▸ **DESCRIPTION OF THE TASK**: Beginning at the line that holds "this 1288×947 image.", transcribe each line exactly through the end of the records, and leave any pictures out.

▸ **LISTED RECORDS**:

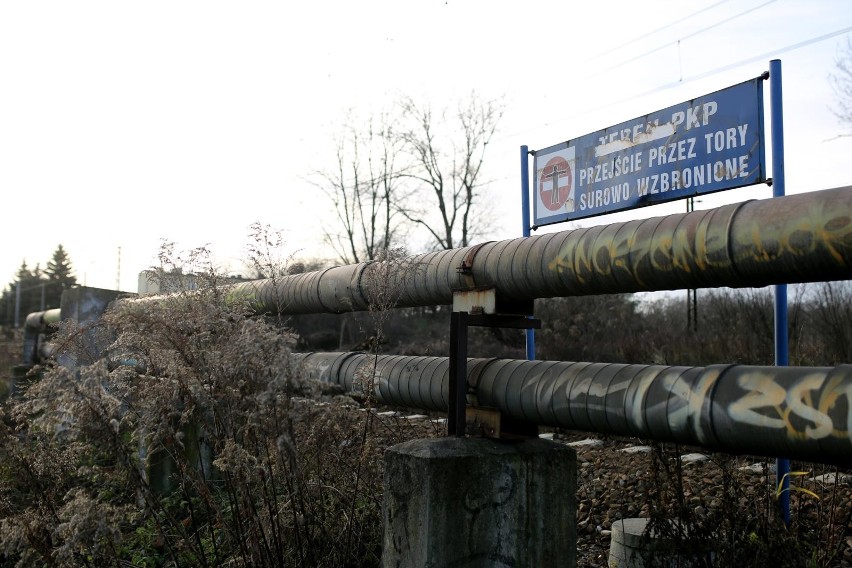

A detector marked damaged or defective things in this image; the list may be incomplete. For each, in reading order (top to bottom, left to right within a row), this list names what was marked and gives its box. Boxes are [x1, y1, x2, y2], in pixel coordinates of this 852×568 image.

rusty industrial pipe [228, 189, 852, 318]
rusty industrial pipe [296, 352, 852, 468]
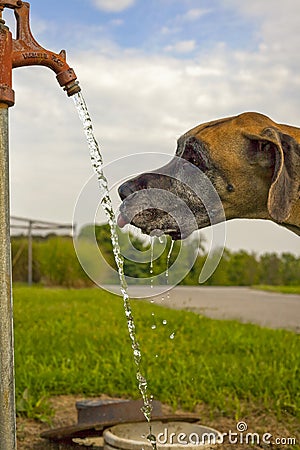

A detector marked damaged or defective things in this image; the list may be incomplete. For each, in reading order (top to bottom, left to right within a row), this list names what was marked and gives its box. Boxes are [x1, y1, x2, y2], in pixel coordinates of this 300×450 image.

rusty water pump [0, 1, 81, 448]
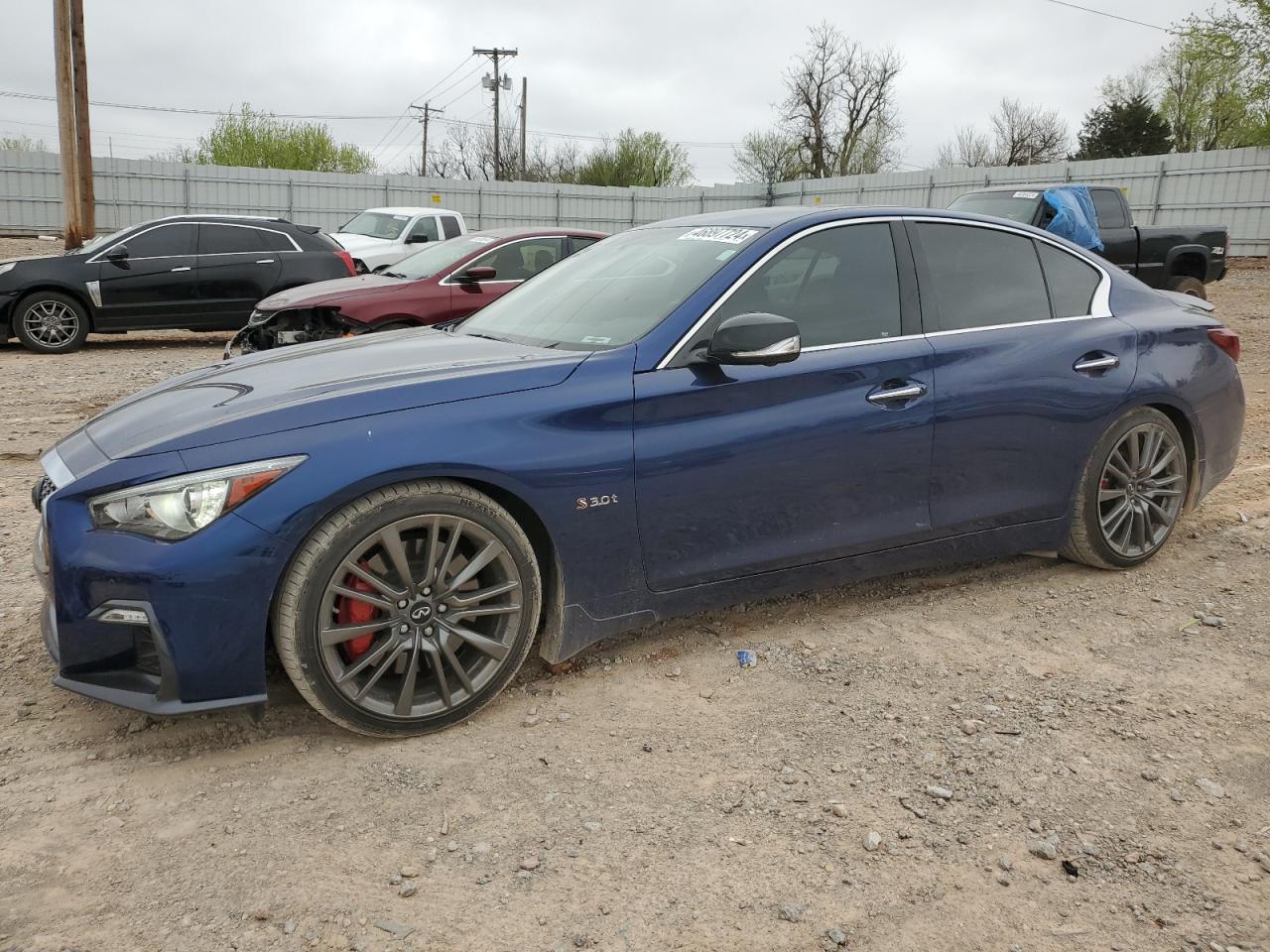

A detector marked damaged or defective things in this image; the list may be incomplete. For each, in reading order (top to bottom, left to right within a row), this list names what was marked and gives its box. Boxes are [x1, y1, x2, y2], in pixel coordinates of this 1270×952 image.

damaged red sedan [228, 229, 603, 355]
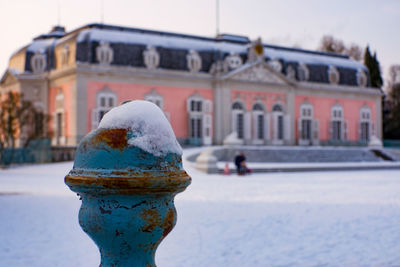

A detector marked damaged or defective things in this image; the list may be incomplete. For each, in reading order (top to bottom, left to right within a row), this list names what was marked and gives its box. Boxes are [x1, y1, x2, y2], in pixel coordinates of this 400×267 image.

rusty blue bollard [65, 101, 191, 267]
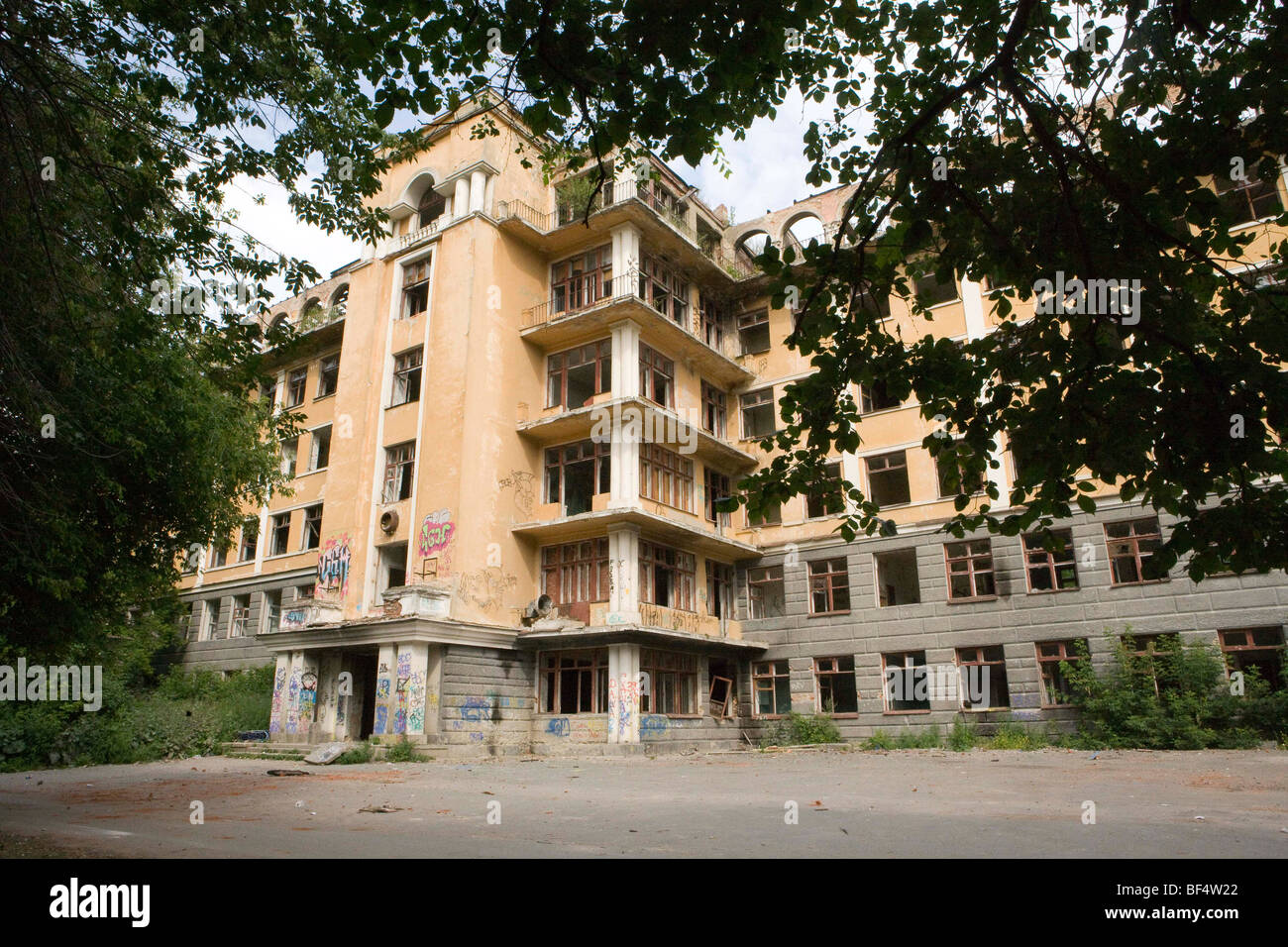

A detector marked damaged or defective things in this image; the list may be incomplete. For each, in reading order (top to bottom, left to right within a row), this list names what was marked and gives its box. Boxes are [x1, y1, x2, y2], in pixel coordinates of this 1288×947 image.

broken window [401, 258, 432, 320]
broken window [551, 245, 610, 314]
broken window [741, 311, 767, 355]
broken window [284, 366, 306, 407]
broken window [318, 355, 340, 399]
broken window [391, 348, 427, 407]
broken window [546, 340, 610, 409]
broken window [636, 345, 675, 409]
broken window [700, 378, 731, 435]
broken window [736, 386, 773, 438]
broken window [860, 381, 901, 414]
broken window [228, 594, 250, 641]
broken window [238, 517, 258, 562]
broken window [270, 515, 293, 559]
broken window [299, 499, 322, 551]
broken window [307, 427, 329, 472]
broken window [380, 443, 417, 504]
broken window [538, 541, 607, 623]
broken window [546, 438, 610, 515]
broken window [636, 443, 690, 510]
broken window [636, 543, 696, 610]
broken window [710, 469, 731, 525]
broken window [747, 567, 783, 618]
broken window [804, 461, 844, 517]
broken window [808, 559, 849, 618]
broken window [865, 451, 916, 507]
broken window [875, 549, 916, 607]
broken window [942, 541, 999, 600]
broken window [1024, 530, 1076, 589]
broken window [1102, 517, 1164, 584]
broken window [538, 652, 607, 710]
broken window [641, 652, 700, 716]
broken window [752, 665, 788, 716]
broken window [818, 654, 860, 716]
broken window [881, 652, 932, 710]
broken window [958, 649, 1004, 705]
broken window [1035, 641, 1087, 705]
broken window [1221, 626, 1282, 690]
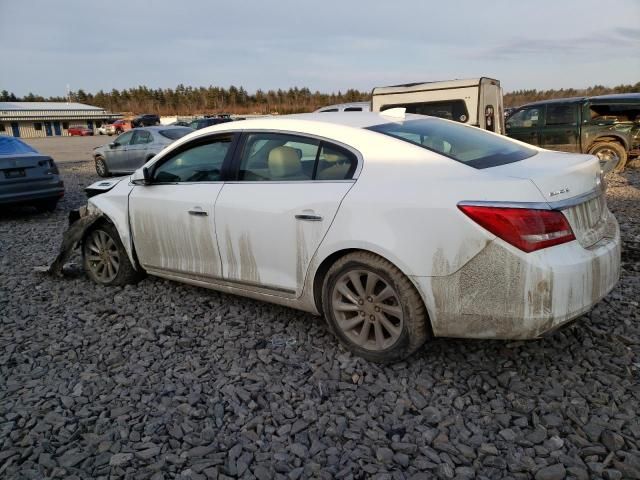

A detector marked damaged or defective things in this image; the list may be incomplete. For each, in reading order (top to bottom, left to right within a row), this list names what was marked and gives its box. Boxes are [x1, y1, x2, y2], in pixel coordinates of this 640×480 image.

damaged white car [52, 110, 624, 362]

▸ **OUTPUT OF THE EXERCISE**:
A detector marked damaged or defective things in this image; the list may be incomplete. For each, in reading order (top to bottom, left to right within a row), this list names what was marked and gives its box. Boxes are [x1, y1, x2, y2], in pixel coordinates of this 1288×947 image.

broken window [401, 258, 432, 320]
broken window [551, 245, 610, 314]
broken window [741, 311, 767, 355]
broken window [284, 366, 306, 407]
broken window [318, 355, 340, 399]
broken window [391, 348, 427, 407]
broken window [546, 340, 610, 409]
broken window [636, 345, 675, 409]
broken window [700, 378, 731, 435]
broken window [736, 386, 773, 438]
broken window [860, 381, 901, 414]
broken window [228, 594, 250, 641]
broken window [238, 517, 258, 562]
broken window [270, 515, 293, 559]
broken window [299, 499, 322, 551]
broken window [307, 427, 329, 472]
broken window [380, 443, 417, 504]
broken window [538, 541, 607, 623]
broken window [546, 438, 610, 515]
broken window [636, 443, 690, 510]
broken window [636, 543, 696, 610]
broken window [710, 469, 731, 525]
broken window [747, 567, 783, 618]
broken window [804, 461, 844, 517]
broken window [808, 559, 849, 618]
broken window [865, 451, 916, 507]
broken window [875, 549, 916, 607]
broken window [942, 541, 999, 600]
broken window [1024, 530, 1076, 589]
broken window [1102, 517, 1164, 584]
broken window [538, 652, 607, 710]
broken window [641, 652, 700, 716]
broken window [752, 665, 788, 716]
broken window [818, 654, 860, 716]
broken window [881, 652, 932, 710]
broken window [958, 649, 1004, 705]
broken window [1035, 641, 1087, 705]
broken window [1221, 626, 1282, 690]

A detector marked damaged or defective things in this image; the list may be incomplete. For each, in reading order (top to bottom, left to right within a row), this list names what was marked and gives its box. Boxes are [x1, y1, x2, y2], in pixel coordinates of this 640×480 image.

damaged white car [52, 110, 624, 362]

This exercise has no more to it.